As Bush’s badly designed occupation struggles on, it continues to inflict more misery upon an Iraq fed up with decades of repression, war and uncertainty. Their long-crippled infrastructure, and the arbitrary and unruly search and arrest-without-charge procedures by US soldiers, provoke bitterness and anger among Iraqis. All of this considered, are attacks, such as that on the UN base in Baghdad surprising? We could well be forgiven for asking why such attacks are not in fact more ferocious.

We might ask where was the UN mission in Rwanda when 1 million were being hacked to death during the Tutsi-Hutu conflict? Where the US attempts to try to install democracy in Rwanda? Indeed, it would be difficult to conceive of a situation the UN has been involved in that has not had some strategic interest to the US. Would the UN have a mission in Iraq if the country’s sole export was dates?
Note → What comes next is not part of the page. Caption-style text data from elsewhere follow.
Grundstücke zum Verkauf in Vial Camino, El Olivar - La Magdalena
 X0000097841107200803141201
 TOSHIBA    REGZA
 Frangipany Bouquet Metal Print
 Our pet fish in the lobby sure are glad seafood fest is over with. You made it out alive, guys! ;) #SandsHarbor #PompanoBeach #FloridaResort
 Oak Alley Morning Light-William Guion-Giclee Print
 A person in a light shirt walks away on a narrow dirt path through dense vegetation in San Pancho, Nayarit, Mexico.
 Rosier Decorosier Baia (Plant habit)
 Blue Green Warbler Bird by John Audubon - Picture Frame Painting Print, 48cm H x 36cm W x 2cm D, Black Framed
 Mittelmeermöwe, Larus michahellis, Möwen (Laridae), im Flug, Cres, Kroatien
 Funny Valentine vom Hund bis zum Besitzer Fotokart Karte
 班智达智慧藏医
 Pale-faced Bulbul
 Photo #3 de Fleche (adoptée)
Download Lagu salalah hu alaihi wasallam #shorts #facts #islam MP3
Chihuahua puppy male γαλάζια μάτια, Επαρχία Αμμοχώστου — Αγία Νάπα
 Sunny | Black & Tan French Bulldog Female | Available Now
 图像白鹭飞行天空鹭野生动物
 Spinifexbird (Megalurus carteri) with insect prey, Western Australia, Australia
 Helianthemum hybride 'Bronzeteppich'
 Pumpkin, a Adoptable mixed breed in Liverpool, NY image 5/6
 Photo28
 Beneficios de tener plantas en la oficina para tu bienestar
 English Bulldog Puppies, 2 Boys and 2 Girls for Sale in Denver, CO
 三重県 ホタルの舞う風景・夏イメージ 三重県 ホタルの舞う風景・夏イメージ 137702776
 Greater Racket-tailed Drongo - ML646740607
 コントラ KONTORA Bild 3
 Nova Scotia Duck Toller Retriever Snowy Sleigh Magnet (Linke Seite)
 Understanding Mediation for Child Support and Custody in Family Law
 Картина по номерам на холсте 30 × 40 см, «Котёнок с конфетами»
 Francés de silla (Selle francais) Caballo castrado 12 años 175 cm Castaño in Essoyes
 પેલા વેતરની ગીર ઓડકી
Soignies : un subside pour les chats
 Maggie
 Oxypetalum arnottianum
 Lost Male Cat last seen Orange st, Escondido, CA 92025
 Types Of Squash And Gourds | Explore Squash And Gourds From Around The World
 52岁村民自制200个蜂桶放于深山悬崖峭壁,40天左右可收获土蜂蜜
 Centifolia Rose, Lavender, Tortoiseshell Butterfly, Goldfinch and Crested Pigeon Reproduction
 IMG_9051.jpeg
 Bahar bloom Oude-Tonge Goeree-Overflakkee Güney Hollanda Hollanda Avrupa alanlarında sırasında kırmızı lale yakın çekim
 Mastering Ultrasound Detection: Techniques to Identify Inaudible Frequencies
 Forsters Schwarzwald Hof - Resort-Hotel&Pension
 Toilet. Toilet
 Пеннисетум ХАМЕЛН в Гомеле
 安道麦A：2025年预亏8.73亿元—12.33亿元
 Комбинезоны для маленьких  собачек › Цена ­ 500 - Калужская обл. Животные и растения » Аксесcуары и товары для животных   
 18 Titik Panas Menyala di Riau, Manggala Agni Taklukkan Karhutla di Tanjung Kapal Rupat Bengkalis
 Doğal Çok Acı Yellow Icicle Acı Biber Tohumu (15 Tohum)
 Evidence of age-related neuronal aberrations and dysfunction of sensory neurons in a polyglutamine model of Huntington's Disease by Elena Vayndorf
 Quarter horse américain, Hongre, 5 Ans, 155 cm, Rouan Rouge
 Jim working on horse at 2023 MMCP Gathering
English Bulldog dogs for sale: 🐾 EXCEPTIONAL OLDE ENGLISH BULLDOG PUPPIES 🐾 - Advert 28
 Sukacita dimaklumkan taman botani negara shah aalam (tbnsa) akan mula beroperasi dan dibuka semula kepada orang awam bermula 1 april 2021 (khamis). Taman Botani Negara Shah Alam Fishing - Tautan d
This is not to condone the attack. It was terrible loss of life – those killed being warm-hearted, well intentioned workers, joining the UN because of a desire to help others. The sad fact is that they were killed trying to sort out a mess of US making. Moreover their deaths are shrouded in a veil of lies. They might have believed they were in Baghdad to help bring stability to a long-suffering people, but the real reason is that the US needs a stable Iraq to help with the theft of its oil. Furthermore, the US would have us believe they were killed by outsiders – they need our support for their “War on Terror”! But what is apparent now is that the US and Britain are seen as the real “outsiders” and are now neck deep in a guerrilla war, a war of struggle and self-determination, and the kind waged against outside aggressors and colonial masters for centuries.